The version that is baked into the binary on build is determined by the string provided in the src/release/version.txt file. Adjust this file accordingly before making a build.

Once built the version of a binary can be verified with:

./reagent -version

Local build/publish (fallback)

CI (above) is the primary path.
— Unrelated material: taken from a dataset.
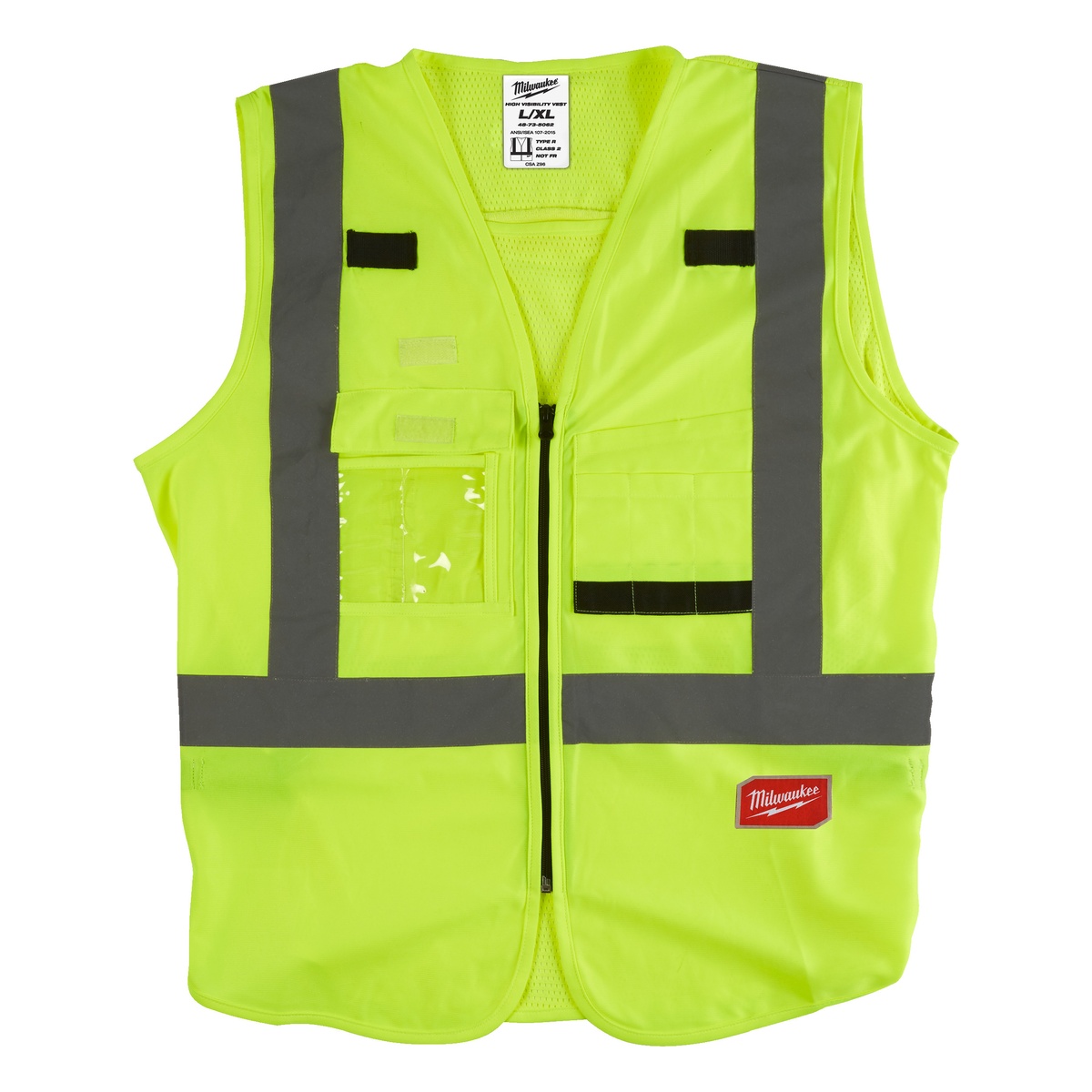 Milwaukee Warnschutzweste gelb Größe L/XL - 1 Stk.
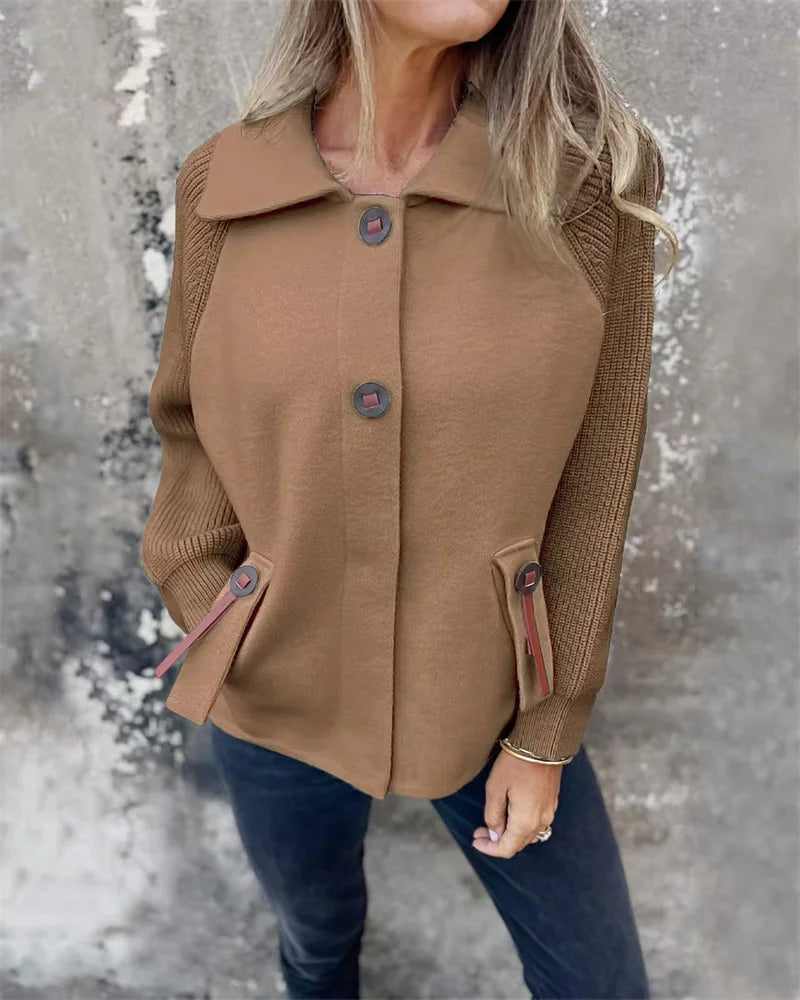 WW | Cozy lightweight women's jacket for autumn and winter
The original local recipes still work for ad-hoc builds and manual recovery, but require local gcloud/docker auth:

  • just build-all-docker — cross-compile every target inside the builder image into build/.
  • just publish — upload the build/ binaries to the re-agent bucket.
  • just push-docker-image — build + push the multi-arch agent images.
  • just rollout!!! USE WITH CAUTION !!! build + publish + promote (incl. availableVersions.json) in one local step; make sure src/release/version.txt and availableVersions.json are correct first.

Implementation

The Reagent makes use of WAMP and Docker as its two key technologies.

WAMP

References

Docker

In order to implement a daemon running on an IoT device that is able to manage, create, stop and remove Docker containers we use the officially supported Go SDK.

Please remember that on a default docker setup on a Linux platform we always have to launch the daemon with root permissions, since the docker daemon is accessed via the socket ///var/run/docker.sock which is only readable with root permissions by default.